Koeman’s collapse: How Zidane’s direct approach nullified Barcelona’s new system
Real Madrid outplayed and beat Barcelona in what could still be a season-defining El Clásico in La Liga. Zinedine Zidane continued his dominance over Los Blancos’ fiercest rivals by deploying his team in a slightly unusual system, completely nullifying Ronald Koeman’s newfound tactics.
The hosts cut through their guests with power, pace and a direct approach, leaving them scrapping for the majority of the first half. Barcelona did recover in the second half but it wasn’t enough to salvage a point.
This tactical analysis will dissect both teams’ tactics and explain just how did Real Madrid tally another convincing victory over Barcelona.
We’ll start our analysis by introducing the lineups. Real Madrid made some changes to their roster, partly influenced by the unavailability of some big names like Sergio Ramos and Raphaël Varane, and partly due to Zidane’s new tactics. Thibaut Courtois was still in goal and in front of him was a quartet of Lucas Vázquez, Éder Militão, Nacho Fernández and Ferland Mendy.
In midfield, Real fielded some familiar names in Casemiro, Luka Modrić and Toni Kroos but they were also joined by Fede Valverde, who had an interesting role to play. Finally, Karim Benzema and Vinícius Júnior were Los Blancos’ focal points in attack.
On paper, Real Madrid were deployed in a 4-3-3 formation (4-1-4-1 according to Wyscout) but that wasn’t always the case, as we’ll mention further down the line of this tactical analysis.
Barcelona, on the other hand, didn’t make many changes to their best XI. With Gerard Piqué still not fully fit, Ronald Araújo started the game, slotting next to Clément Lenglet and Óscar Mingueza in a back three ahead of Marc-André ter Stegen. Koeman opted for Frenkie de Jong in midfield as opposed to his new libero role and the Dutchman was there alongside Sergio Busquets and Pedri, who floated across the thirds throughout the clash.
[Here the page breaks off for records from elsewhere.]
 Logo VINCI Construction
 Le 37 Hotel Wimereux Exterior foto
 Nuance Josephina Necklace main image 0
Jordi Alba and Sergiño Dest provided the width as wingbacks while Lionel Messi and Ousmane Dembélé completed the forward line on the night.
Barcelona were deployed in a 3-4-3 system against their rivals, swapping back to 4-3-3 in the second half.
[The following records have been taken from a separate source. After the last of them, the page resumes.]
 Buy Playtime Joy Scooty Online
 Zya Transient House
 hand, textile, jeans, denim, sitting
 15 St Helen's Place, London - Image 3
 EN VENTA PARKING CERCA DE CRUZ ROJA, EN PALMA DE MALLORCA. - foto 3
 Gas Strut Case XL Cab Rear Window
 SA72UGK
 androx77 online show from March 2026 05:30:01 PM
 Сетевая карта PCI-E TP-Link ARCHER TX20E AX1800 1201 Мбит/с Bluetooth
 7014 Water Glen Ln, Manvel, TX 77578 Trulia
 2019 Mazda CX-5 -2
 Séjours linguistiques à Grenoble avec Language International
Barcelona’s plan vs Real Madrid’s effective block
With 69% possession, Barcelona were able to dominate the ball but couldn’t do much with it. For the majority of the first half, the Catalans were on the attack while it were Real Madrid who caused all the damage. However, despite the narrative being that Koeman’s plan was lacking, that simply wasn’t the case in the first 20 minutes of the game.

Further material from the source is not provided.